▸ EXERCISE
Look through the material below. Return exactly the lines from the one with "Hapimag Ξενοδοχείο με διαμερίσματα Αντίμπ" through the one with "皇后很忙 - 第163話 月缺(3/3) - 1", both included.

▸ MATERIAL FOR THE TASK
==========

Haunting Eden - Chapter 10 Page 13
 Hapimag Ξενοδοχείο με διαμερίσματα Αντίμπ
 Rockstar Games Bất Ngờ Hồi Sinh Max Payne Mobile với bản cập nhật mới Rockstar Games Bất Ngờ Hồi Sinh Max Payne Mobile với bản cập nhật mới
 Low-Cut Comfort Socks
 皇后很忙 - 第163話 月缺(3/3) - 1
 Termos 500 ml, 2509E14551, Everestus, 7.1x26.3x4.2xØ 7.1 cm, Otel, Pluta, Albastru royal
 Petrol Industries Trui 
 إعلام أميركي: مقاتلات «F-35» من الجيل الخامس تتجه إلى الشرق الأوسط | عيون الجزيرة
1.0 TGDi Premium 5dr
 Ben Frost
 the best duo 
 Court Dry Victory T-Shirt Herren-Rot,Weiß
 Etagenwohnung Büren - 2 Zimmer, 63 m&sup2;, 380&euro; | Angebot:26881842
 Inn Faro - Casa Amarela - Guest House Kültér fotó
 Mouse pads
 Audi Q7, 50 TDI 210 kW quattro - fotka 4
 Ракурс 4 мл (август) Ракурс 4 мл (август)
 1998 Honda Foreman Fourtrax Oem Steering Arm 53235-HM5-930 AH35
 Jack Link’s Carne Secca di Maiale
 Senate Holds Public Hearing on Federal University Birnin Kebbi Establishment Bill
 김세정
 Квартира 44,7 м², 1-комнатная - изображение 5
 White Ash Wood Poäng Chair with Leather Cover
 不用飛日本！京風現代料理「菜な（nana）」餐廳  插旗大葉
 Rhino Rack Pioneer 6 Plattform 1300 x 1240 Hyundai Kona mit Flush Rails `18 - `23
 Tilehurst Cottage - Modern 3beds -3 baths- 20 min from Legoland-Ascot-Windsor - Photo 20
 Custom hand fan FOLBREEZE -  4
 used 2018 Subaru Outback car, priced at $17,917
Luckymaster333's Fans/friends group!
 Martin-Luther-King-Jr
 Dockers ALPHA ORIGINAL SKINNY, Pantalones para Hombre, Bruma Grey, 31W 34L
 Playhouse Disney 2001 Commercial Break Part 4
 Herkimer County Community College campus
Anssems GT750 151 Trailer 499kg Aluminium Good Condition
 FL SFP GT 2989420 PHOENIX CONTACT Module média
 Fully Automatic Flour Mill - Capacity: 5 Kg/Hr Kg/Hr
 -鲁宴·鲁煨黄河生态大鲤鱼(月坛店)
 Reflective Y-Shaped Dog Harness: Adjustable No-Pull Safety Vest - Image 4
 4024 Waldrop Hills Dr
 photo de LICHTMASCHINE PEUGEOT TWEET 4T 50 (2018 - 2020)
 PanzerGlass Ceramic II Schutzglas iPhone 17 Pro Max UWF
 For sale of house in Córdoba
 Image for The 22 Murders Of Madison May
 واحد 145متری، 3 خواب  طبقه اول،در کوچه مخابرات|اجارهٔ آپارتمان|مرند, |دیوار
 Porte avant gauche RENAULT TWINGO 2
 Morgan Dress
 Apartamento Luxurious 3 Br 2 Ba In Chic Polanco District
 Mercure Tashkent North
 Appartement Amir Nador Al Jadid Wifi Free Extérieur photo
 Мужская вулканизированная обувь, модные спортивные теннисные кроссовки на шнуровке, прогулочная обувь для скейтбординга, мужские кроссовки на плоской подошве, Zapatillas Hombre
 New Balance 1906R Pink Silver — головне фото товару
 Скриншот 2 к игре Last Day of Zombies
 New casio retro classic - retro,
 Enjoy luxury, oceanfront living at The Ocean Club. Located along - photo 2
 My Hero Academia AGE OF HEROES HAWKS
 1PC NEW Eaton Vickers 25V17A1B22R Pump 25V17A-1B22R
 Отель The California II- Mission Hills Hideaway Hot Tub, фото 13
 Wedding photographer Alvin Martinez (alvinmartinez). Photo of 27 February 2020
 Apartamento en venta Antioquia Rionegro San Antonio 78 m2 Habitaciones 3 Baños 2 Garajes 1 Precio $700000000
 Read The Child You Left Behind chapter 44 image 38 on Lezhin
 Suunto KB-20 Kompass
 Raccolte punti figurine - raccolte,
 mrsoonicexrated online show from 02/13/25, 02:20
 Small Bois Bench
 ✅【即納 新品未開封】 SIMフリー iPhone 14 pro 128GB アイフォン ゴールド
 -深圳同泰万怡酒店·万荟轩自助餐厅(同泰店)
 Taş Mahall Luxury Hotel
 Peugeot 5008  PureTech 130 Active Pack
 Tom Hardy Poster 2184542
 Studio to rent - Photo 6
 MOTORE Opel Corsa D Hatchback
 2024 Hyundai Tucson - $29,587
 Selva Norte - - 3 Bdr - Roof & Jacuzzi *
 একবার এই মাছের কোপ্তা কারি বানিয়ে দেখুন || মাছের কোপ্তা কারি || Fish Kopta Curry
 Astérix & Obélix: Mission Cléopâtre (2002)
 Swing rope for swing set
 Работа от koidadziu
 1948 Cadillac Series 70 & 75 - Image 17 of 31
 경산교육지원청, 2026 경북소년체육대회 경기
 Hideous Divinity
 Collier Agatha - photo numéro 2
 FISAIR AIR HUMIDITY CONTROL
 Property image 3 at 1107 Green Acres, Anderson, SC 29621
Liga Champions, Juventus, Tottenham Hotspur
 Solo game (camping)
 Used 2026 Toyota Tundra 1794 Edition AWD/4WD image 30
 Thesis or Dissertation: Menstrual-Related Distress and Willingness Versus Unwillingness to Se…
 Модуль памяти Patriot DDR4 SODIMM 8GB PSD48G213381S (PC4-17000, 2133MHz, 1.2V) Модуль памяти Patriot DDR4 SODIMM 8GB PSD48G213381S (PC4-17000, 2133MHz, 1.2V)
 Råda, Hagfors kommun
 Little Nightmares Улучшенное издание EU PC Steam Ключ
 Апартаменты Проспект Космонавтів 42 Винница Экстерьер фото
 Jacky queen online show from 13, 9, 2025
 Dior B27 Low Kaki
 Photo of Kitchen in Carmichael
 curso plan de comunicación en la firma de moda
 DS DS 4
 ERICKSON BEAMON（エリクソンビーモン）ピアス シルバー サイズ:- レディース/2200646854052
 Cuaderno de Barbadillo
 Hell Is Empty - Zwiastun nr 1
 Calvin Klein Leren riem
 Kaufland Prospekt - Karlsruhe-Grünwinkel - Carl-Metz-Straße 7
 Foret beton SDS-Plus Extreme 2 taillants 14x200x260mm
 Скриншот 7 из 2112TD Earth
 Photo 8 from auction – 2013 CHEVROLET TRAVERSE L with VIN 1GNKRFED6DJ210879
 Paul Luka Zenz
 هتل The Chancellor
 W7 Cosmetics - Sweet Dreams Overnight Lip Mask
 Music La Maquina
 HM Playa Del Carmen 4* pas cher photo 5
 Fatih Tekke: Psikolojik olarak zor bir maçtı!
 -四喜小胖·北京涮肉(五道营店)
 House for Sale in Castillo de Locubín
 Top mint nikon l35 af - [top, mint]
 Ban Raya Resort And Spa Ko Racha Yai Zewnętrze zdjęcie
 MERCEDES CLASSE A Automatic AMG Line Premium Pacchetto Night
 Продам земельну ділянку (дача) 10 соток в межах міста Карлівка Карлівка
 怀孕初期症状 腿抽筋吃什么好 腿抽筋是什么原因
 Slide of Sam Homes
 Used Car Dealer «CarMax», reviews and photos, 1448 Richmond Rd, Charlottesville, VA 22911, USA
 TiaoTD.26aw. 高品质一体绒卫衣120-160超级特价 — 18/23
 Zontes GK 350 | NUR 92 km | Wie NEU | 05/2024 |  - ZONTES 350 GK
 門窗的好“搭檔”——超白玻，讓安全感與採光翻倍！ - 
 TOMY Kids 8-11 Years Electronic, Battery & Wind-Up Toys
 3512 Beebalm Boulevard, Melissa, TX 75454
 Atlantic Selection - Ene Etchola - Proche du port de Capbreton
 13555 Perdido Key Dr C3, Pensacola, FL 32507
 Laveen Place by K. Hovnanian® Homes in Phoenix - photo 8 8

==========

▸ YOUR SOLUTION
 Hapimag Ξενοδοχείο με διαμερίσματα Αντίμπ
 Rockstar Games Bất Ngờ Hồi Sinh Max Payne Mobile với bản cập nhật mới Rockstar Games Bất Ngờ Hồi Sinh Max Payne Mobile với bản cập nhật mới
 Low-Cut Comfort Socks
 皇后很忙 - 第163話 月缺(3/3) - 1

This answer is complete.